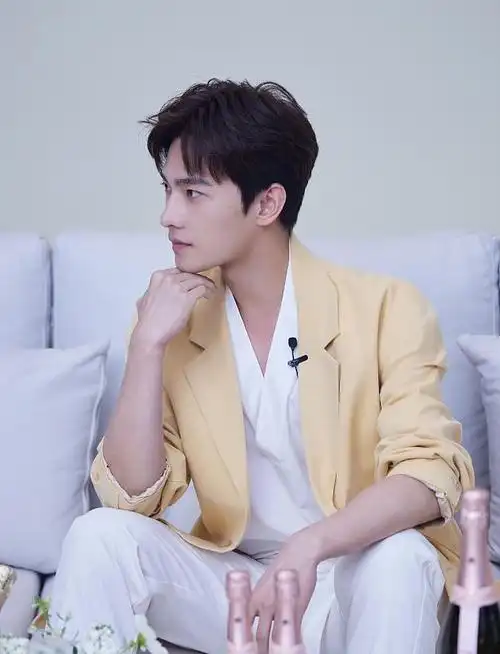 杨洋黑色西装搭配寸头好帅(杨洋不愧是34)8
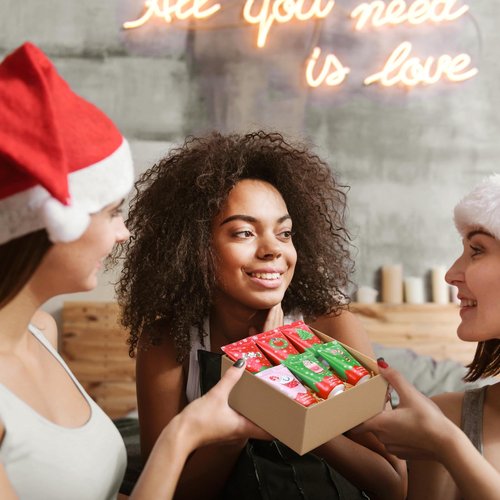 Loopeer 24 Pcs Christmas Hand Cream Gifts Bulk Christmas Mini Hand Lotion Xmas Stocking Stuffers Gifts Travel Size Mini Creams Moisturizer Cream Xmas Party Favors for Dry Skin Women Men Mom Employee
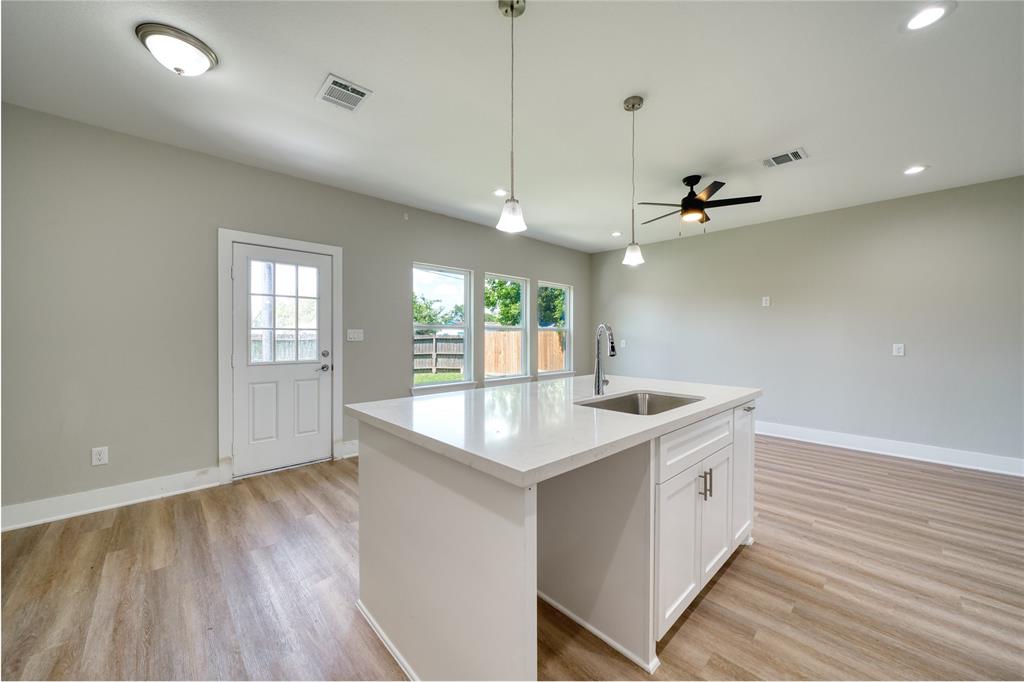502 W Francis Street, Baytown, Texas image 15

○ ○ ○

PROBLEM DESCRIPTION> Transcribe the listing exactly; skip the pictures.

SOLUTION BELOW>
 杨洋黑色西装搭配寸头好帅(杨洋不愧是34)8
 Loopeer 24 Pcs Christmas Hand Cream Gifts Bulk Christmas Mini Hand Lotion Xmas Stocking Stuffers Gifts Travel Size Mini Creams Moisturizer Cream Xmas Party Favors for Dry Skin Women Men Mom Employee
502 W Francis Street, Baytown, Texas image 15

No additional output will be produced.